Spike_Masked is inspired by research in hole filling for sparse point cloud datasets. By extruding each spike toward the camera, the points naturally sort themselves into a voronoi pattern. This technique is inspired by a depth sorting technique with cones described in High-Quality Point-Based Rendering Using Fast Single-Pass Interpolation (2015) by Markus Schutz and Michael Wimmer. This pattern preserves smaller details while filling holes in more sparse areas. Without normal filtering the graph produces a halo effect around figures. Because of this we turn spikes in screen space to align with the normals of the Kinect world map. This graph makes single Kinect captures look convincing even at camera angles where there are less points. The tradeoff between Spike_Masked and Point_Masked is in performance. Because Spike_Masked depends on drawing many intersecting meshes the cost of overdraw on the GPU can be demanding. There is also a Cone_Masked graph inside the project which uses cones instead of spikes, more similar to published research, but its performance cost is much higher so it’s not included as an option by default.
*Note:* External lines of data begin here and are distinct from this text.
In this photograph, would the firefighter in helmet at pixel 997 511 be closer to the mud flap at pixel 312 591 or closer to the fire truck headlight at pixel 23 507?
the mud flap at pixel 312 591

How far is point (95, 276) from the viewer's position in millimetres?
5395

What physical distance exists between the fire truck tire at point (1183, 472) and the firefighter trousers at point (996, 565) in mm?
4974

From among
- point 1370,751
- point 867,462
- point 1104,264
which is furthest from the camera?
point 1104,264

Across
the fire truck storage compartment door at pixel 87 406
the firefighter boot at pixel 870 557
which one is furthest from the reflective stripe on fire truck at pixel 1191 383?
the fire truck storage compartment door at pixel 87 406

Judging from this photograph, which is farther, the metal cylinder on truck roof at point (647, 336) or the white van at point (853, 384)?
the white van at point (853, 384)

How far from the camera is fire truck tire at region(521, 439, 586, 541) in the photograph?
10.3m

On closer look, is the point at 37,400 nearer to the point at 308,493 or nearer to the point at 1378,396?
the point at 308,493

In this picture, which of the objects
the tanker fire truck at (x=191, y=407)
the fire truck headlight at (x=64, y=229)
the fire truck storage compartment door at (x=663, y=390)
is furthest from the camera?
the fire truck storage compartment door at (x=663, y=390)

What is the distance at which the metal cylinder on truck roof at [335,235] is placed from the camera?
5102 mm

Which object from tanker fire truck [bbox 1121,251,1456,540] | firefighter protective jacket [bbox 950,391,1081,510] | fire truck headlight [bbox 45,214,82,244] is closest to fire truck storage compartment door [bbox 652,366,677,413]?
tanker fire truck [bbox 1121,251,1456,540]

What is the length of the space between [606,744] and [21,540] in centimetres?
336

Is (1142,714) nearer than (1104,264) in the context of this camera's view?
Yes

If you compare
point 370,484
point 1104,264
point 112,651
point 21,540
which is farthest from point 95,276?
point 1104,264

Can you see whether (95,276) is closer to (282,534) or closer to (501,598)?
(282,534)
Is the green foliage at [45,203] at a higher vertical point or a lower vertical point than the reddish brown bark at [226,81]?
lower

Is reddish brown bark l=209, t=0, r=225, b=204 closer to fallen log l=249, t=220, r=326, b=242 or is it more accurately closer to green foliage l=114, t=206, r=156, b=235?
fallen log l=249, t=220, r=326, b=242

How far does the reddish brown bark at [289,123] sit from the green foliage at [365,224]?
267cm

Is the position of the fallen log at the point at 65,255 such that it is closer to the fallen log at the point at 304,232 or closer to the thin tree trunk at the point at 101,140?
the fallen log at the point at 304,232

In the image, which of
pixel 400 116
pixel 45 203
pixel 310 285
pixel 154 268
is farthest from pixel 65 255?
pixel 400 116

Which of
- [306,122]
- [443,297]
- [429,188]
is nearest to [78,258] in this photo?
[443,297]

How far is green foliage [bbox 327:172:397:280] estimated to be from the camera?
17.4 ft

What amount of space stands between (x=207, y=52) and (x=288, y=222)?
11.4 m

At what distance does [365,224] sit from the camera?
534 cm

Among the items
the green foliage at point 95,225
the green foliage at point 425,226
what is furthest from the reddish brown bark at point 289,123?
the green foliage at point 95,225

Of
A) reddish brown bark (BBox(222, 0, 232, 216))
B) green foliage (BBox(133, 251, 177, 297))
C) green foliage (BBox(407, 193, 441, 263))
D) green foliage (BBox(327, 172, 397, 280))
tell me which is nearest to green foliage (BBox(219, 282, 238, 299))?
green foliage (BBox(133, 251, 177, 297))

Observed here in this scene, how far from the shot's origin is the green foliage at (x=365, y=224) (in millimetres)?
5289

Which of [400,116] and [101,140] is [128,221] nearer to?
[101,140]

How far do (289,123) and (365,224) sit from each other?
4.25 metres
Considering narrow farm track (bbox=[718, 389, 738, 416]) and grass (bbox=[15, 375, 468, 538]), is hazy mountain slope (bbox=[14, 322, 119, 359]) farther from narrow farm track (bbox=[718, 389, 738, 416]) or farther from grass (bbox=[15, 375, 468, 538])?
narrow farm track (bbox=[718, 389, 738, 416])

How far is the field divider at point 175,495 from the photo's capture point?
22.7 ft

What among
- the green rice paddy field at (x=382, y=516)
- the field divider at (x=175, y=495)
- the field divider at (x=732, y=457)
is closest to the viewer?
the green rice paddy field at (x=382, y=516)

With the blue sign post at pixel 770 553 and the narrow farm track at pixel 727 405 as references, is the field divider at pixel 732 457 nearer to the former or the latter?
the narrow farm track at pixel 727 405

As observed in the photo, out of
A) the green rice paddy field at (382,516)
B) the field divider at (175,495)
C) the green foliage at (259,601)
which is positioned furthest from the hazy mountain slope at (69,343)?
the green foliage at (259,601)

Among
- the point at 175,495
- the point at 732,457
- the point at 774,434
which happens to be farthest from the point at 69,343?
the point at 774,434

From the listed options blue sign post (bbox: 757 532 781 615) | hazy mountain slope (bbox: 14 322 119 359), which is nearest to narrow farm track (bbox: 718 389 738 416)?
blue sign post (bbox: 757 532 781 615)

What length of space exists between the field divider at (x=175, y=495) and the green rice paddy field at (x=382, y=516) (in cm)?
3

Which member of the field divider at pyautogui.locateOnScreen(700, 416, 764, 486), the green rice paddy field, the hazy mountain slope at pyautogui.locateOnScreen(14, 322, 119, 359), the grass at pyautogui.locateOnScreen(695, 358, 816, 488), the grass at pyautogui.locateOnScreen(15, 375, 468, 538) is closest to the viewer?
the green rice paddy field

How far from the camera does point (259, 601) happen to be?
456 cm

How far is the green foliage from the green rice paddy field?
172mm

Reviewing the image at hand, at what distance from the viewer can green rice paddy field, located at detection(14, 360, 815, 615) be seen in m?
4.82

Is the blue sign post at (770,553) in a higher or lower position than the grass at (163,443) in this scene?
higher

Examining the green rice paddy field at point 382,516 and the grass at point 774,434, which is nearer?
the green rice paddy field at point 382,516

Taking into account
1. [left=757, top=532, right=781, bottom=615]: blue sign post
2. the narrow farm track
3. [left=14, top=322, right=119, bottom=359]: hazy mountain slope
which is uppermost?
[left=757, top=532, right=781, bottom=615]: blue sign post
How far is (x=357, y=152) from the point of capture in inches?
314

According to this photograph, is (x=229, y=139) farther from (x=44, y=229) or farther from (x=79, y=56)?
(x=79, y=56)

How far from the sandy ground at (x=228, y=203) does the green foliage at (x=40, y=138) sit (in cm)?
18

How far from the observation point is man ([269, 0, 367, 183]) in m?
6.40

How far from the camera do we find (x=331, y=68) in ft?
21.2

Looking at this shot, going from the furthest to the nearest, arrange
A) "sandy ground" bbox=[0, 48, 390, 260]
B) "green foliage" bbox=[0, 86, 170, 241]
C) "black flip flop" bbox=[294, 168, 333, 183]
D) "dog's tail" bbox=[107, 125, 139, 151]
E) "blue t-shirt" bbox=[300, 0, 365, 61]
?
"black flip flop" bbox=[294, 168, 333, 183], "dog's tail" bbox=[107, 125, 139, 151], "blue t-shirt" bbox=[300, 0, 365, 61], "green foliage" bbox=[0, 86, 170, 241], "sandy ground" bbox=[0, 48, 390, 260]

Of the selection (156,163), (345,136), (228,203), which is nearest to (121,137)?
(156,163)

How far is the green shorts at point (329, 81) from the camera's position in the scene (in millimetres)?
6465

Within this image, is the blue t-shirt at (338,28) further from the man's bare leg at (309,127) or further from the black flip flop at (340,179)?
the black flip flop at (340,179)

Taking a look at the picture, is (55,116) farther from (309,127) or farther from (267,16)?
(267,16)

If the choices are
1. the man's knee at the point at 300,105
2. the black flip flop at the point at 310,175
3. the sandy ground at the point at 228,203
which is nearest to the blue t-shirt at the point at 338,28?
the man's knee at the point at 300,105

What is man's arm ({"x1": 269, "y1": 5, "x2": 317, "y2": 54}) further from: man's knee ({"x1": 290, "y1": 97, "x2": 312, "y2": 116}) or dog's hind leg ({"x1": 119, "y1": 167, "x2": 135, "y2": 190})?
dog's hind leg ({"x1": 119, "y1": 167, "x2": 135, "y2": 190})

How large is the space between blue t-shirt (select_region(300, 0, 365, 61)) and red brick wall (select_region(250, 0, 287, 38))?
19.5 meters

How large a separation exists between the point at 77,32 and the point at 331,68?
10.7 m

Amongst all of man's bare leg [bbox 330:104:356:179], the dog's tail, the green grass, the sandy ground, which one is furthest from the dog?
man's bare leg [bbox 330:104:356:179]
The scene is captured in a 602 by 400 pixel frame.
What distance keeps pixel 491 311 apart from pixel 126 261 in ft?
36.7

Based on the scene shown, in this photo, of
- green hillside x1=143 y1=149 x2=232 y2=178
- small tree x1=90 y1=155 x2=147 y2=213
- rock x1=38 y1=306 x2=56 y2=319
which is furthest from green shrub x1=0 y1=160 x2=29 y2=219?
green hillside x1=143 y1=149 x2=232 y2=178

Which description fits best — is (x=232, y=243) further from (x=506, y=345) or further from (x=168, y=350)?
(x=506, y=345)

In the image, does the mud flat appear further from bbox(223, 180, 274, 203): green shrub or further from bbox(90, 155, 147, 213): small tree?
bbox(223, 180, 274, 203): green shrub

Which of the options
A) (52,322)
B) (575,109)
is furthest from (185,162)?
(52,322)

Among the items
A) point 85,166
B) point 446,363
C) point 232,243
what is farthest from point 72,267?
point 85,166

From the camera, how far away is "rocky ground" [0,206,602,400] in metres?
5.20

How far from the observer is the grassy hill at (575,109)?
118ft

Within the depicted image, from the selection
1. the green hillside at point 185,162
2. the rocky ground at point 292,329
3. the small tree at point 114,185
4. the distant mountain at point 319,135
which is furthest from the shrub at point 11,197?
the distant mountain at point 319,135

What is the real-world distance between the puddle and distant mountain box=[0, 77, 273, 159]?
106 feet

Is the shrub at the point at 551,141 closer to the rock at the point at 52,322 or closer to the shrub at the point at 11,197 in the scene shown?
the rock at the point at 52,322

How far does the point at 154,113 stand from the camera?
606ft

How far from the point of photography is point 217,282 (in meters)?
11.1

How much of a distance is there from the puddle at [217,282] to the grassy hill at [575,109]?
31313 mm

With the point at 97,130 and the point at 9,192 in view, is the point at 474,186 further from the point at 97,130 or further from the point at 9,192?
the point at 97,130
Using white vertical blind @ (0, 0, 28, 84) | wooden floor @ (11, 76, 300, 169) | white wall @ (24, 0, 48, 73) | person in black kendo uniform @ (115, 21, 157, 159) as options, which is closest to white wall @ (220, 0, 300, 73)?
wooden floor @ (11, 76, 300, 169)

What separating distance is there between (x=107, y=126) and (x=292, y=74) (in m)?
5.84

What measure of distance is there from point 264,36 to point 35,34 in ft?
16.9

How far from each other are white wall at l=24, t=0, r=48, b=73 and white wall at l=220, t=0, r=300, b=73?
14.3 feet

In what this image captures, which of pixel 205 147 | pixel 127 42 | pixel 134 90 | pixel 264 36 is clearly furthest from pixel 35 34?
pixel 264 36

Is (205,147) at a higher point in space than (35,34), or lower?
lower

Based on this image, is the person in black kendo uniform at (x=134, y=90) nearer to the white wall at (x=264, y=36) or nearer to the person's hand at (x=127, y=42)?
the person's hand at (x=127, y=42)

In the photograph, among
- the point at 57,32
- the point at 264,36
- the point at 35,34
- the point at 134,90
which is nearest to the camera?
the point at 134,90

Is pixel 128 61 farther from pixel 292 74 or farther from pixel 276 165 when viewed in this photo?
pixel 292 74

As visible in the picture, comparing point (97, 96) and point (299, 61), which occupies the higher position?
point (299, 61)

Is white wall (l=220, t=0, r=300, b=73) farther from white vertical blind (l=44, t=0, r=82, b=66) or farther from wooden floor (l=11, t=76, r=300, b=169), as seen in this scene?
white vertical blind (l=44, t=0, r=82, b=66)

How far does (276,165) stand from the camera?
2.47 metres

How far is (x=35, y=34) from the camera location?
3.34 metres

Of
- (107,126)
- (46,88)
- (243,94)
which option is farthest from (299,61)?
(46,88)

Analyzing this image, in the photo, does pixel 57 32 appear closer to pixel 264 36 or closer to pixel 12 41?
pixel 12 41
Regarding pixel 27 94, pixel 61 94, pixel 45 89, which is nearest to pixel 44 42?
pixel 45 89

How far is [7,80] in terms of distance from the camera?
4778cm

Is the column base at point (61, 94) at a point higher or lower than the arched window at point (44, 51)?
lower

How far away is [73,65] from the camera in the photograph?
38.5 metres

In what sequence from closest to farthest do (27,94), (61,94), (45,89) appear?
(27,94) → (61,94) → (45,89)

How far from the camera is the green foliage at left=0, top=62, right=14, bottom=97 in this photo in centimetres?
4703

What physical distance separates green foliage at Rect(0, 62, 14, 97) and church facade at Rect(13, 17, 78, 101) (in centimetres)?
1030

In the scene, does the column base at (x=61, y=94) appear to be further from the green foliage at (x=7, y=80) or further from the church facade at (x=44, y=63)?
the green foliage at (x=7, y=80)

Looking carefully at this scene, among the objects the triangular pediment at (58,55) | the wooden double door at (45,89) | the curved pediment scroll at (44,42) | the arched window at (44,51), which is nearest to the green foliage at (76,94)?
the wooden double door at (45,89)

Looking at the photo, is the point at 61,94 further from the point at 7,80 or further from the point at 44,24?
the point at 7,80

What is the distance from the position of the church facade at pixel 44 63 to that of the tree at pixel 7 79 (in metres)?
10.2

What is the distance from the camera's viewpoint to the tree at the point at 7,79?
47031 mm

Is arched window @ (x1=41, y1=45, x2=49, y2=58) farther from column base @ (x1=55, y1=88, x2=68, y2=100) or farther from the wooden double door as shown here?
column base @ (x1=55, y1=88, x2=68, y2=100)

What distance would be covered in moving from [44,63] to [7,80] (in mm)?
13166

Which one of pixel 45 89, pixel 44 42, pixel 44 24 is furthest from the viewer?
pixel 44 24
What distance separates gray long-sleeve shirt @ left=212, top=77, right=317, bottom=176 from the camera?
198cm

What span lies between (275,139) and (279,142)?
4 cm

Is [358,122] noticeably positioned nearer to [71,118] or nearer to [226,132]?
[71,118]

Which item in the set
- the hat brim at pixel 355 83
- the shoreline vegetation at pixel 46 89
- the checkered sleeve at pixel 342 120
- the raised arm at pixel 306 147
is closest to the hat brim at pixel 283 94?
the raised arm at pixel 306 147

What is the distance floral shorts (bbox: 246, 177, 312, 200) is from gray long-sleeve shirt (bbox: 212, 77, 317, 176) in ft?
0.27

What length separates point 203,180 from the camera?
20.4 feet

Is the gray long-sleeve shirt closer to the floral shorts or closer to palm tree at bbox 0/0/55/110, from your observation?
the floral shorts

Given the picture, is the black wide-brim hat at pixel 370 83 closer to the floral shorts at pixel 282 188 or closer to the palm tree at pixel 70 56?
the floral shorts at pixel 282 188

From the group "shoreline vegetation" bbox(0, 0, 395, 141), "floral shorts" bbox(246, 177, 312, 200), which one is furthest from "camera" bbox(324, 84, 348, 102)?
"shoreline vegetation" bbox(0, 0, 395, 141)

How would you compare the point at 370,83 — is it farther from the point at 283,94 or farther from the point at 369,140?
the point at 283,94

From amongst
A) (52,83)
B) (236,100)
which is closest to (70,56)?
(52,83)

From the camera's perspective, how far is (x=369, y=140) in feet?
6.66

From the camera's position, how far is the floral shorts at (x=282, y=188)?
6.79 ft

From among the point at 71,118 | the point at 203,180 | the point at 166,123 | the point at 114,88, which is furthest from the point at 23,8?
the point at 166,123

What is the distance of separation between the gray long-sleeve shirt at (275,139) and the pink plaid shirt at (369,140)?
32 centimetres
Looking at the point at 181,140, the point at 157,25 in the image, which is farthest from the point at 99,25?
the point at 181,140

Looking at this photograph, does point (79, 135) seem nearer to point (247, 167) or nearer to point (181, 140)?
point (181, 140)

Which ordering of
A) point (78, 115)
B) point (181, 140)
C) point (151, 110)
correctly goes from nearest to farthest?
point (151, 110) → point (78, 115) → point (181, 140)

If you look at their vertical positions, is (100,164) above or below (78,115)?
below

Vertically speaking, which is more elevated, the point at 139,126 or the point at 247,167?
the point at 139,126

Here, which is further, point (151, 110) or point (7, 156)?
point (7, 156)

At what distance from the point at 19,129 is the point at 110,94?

The Assets/Vfx/ConeFill/ConeFill” folder includes subgraphs that assist with the cone / spike based method.
To use the output in apps like Zoom, Teams, Slack or tools like OBS, Xplit. Find the video settings for each app and select the "SpoutCam" as camera.
To stream the output to an RTMP endpoint like Twitch or MUX. Review the documentation for each service to construct a RTMP endpoint with the correct stream key.
For example this is the format to stream to Node Media Server: rtmp://localhost:1935/live/test
For example this is the format to stream to MUX: rtmp://global-live.mux.com:5222/app/[private stream key]
To configure this tool to stream to three.js using our fork of Depthkit.js:
- Ensure that you’re using the Orthographic (RGB+D) mode.
- Set the RTMP endpoint beneath “Preview Stream.”
- Press start stream!
For more information on the three.js implementation see our fork of Depthkit.js here: https://github.com/glowbox/Depthkit.js
By default the RTMP stream uses the Azure Kinect microphone for audio. You can change which audio device to use by editing config.json.
If you want to use the system audio install VoiceMeeter https://vb-audio.com/Voicemeeter/. VoiceMeeter installs a "virtual input" that will list as "VoiceMeeter Output (VB-Audio VoiceMeeter VAIO)"
Update ffmpeg_args in config.json to read:
-f dshow -i video=\"SpoutCam\":audio=\"VoiceMeeter Output (VB-Audio VoiceMeeter VAIO)\" -video_size 640x960 -rtbufsize 10M -c:v libx264 -preset veryfast -b:v 1984k -c:a aac -b:a 160k -ar 44100 -maxrate 1984k -bufsize 3968k -vf \"format = yuv420p\" -g 60 -f flv
The default ffmpeg command used for streaming is:
ffmpeg.exe -f dshow - i video="SpoutCam":audio="Microphone Array (4- Azure Kinect Microphone Array)" -video_size 640x960 -rtbufsize 10M -c:v libx264 -preset veryfast -b:v 1984k -c:a aac -b:a 160k -ar 44100 -maxrate 1984k -bufsize 3968k -vf "format = yuv420p" -g 60 -f flv [rtmp://url here]
You can change this in the config.json file located in the application folder.